The state I live in has made up some silly laws that suggest our students’ learning at state educational facilities (i.e. the state universities) can be adequately and accurately plotted using quantitative data. Well, that’s not only ridiculous, it’s logistically nightmarish. Why? Because you can’t tell how much a student has learned based on one grade on one assignment, which is the only data the state is collecting, charting in Excel, and presenting with PowerPoints to idiot politicians who are looking to vote professors off of the higher ed island. Seriously, how will a single point of data demonstrate the occurrence of learning for students? Sure, if you collect enough of these points, you have a lot of data. But is it useful data? I guess it may prove that this state is full of average people. The bell curve is called that for a reason.
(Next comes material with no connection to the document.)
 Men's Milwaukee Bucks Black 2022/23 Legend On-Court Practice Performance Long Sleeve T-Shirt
So what can false data teach us? Well, it can teach us that data used in government is typically a waste of time for just about everyone. The teachers at the class level waste time “collecting” this data, which by the way, is extra work for already exhausted instructors at the end of the semester. If instructors forget to submit this extra work, it can be easily fabricated to cut corners. Did I mention the part where the data itself is easily made up? Because that’s kind of important. I’m not saying that data is being made up for certain, but I am saying it’s easy to do. Someone in the chain of command has a stake in making sure enough data has been collected to make the Excel file look full when it’s presented to the higher-ups. The weakest link here is reliance on numerical data as representative of the complex and impossible-to-quantify concept of learning, which may or may not be faked. Also, this is why grading sucks. Did learning occur? Half the class got C’s so . . . yes? C’s get degrees.
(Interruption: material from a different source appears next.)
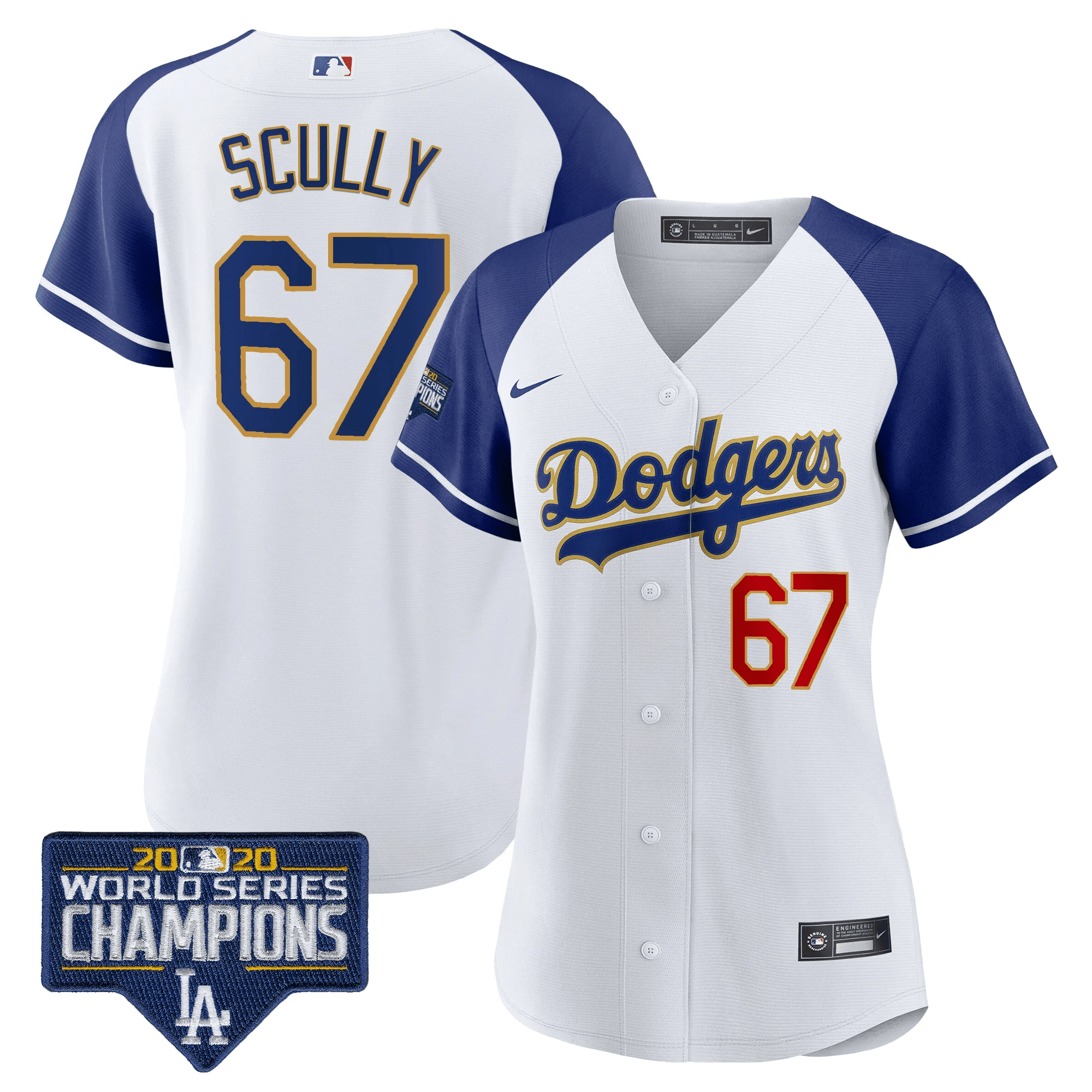 Vin Scully Women's Los Angeles Dodgers World Series Champions Patch Gold Trim Alternate White Jersey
But, it’s this data—fabricated, refined, massaged, misrepresented, turned into brightly colored pie charts—that is part of how the state determines who gets money. Because clearly, the better your pie chart is, the more deserving of new stadium seats you are. Mmmm . . . pie chart. This is the downside of bureaucracy. I’m not sure what the upside is. Perhaps it’s that I don’t have to personally arrange for the waxing of my office floor.

I haven’t even gotten to the false data present in all sorts of other government documentation upon which our great nation was founded, but rest assured, it’s there. Statistics aren’t neutral, and trusting that some numbers in a chart can tell us whether what we are doing is working is a terrible plan for education. That said, however, I’m not sure how to provide oversight in a more qualitative way. I’m sure the dirty word “socialism” is part of the answer. My bad language here just raised the rating on this blog from PG to PG-13.

In summation, false data teaches us that bureaucrats like pie.